Nelson writes that Ald. George Hagopian went ballistic after being told a supporter would have to wait two years for a slip.

“You goddamned son of a b----,” Nelson writes Hagopian said on the phone. “I know how you got your job, and I’m telling you now I won’t rest until you’re out of there, mother------.”

He was offered jobs for family members, cars, piles of cash and a couple weeks in a penthouse condominium in Acapulco, Mexico, including a companion.

“The guys who would put $100 on the counter were the wise guys — not mob, just not very smart,” Nelson said.

He said he rejected all of them and would casually mention the FBI was still snooping around whenever things got too tense.

Nelson said he went with transparency to win over the boaters. He posted the list of when slips would be available on the front counter and put the master file in the treasurer’s office so neither he nor anyone else could tamper with it.

He both literally cleaned up the filthy harbors and metaphorically. He said he had nothing to do with it, but police shut down a boat the mob was using as a brothel early in his tenure.

After his first year, he was promoted to special services superintendent and put in charge of pretty much everything on the lakefront that wasn't the museums or Soldier Field.

And then as suddenly as he was in, he was out.

Nelson said in 1993, late in Mayor Richard M. Daley’s first term, he got a letter saying he was done at the Park District. Shortly after, the city started discussions to privatize the operation of the harbors.

Nelson moved on.

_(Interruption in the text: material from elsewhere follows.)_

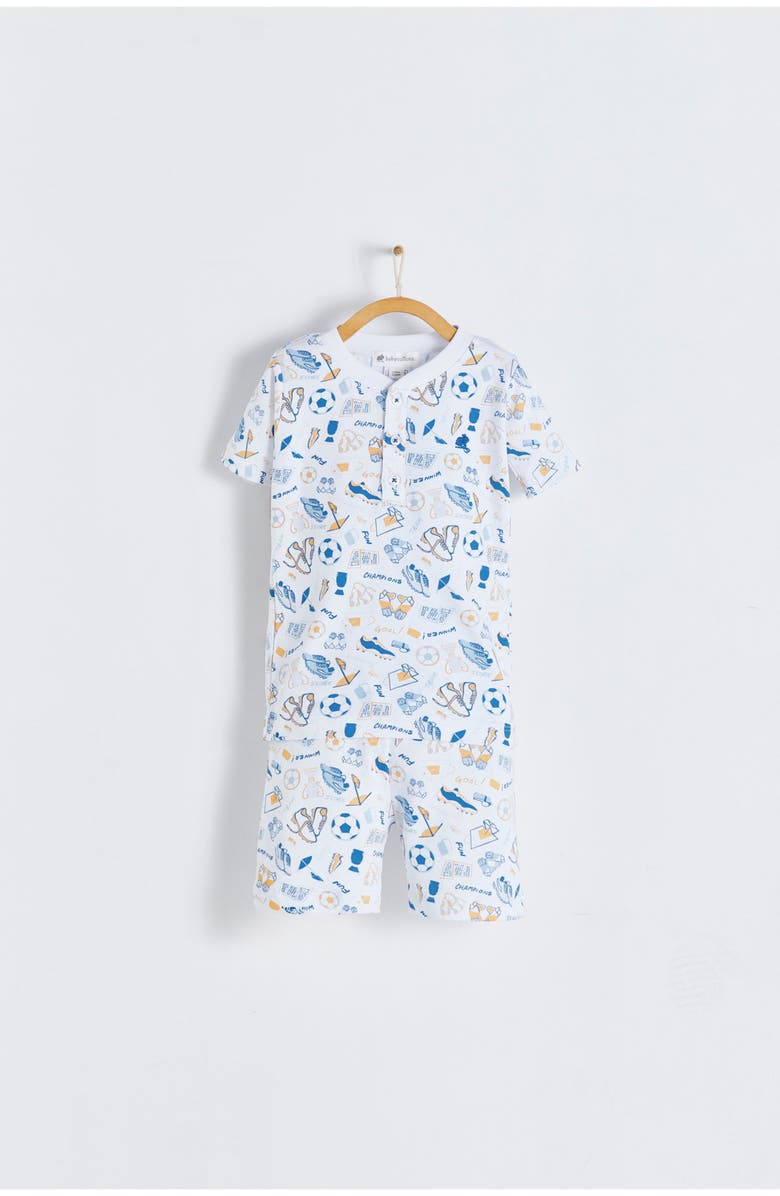 Babycottons Premium Peruvian Pima Cotton Inter Short Tee & Short Pajama Set for Toddler, Alternate, color,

He worked in harbors in Hammond, Ind., and elsewhere before retiring to South Shore.

He said it’s a different political world now in Chicago and patronage means a lot less.

“That doesn’t happen now. People are all swayed by the media and all the jobs are gone,” Nelson said.

He credits Washington with changing the culture of Chicago and allowing the city to finally clean up its act.

For bureaucrats today, he advised they enshrine transparency and keep an eye out for the lifers in every department who have weathered enough political storms to have some immunity from political struggles and have the luxury to focus on doing the job right.